- Asia-Pacific markets mostly rose Tuesday following a quiet day on Wall Street where the U.S. markets were closed for a public holiday.
- Global interest rates continue to climb on expectations of faster central bank tightening, according to Tapas Strickland, director for economics and markets at the National Australia Bank.
- Elsewhere, Chinese President Xi Jinping cautioned against a rapid rise in interest rates on Monday that could derail the global recovery from the coronavirus pandemic.
SINGAPORE — Asia-Pacific markets mostly rose Tuesday following a quiet day on Wall Street where the U.S. markets were closed for a public holiday.
In Japan, the benchmark Nikkei 225 climbed 0.84% and the Topix index rose 0.5%. Hong Kong’s Hang Seng index advanced 0.48% while the tech-focused Hang Seng Tech index added 1.72%.

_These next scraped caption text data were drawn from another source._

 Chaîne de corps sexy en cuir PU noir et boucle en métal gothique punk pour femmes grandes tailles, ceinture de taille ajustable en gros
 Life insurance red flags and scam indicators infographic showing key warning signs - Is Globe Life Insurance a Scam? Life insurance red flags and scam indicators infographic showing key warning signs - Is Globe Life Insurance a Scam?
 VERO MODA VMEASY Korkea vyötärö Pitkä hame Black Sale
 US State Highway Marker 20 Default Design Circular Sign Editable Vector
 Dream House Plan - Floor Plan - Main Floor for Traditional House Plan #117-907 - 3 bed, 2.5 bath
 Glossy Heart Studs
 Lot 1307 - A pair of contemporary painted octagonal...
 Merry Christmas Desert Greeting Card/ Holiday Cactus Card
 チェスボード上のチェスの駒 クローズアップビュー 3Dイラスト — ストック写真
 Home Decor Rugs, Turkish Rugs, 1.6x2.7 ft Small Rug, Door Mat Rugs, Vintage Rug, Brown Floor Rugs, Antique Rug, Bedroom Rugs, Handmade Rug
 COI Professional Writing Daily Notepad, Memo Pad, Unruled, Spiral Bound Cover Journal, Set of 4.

Chinese mainland shares also rose: The Shanghai composite was up 0.47% while the Shenzhen component added 0.36%.
Australia’s ASX 200 retraced most of its earlier gains and traded near flat as the heavily weighted financials subindex faltered 0.45%.
South Korea’s Kospi index bucked the generally upward trend and was down 0.22%, but the Kosdaq rose 0.15%, despite trimming some of its earlier gains.
Global interest rates continue to climb on expectations of faster central bank tightening, according to Tapas Strickland, director for economics and markets at the National Australia Bank.
“As for central bank pricing, markets now fully price four rate hikes from the US Fed in 2022, and the timing of the first ECB rate hike has been brought forward to September. The exception is China with the [People’s Bank of China] cutting rates by 10bps yesterday amid an uncertain growth outlook,” he wrote in a Tuesday morning note.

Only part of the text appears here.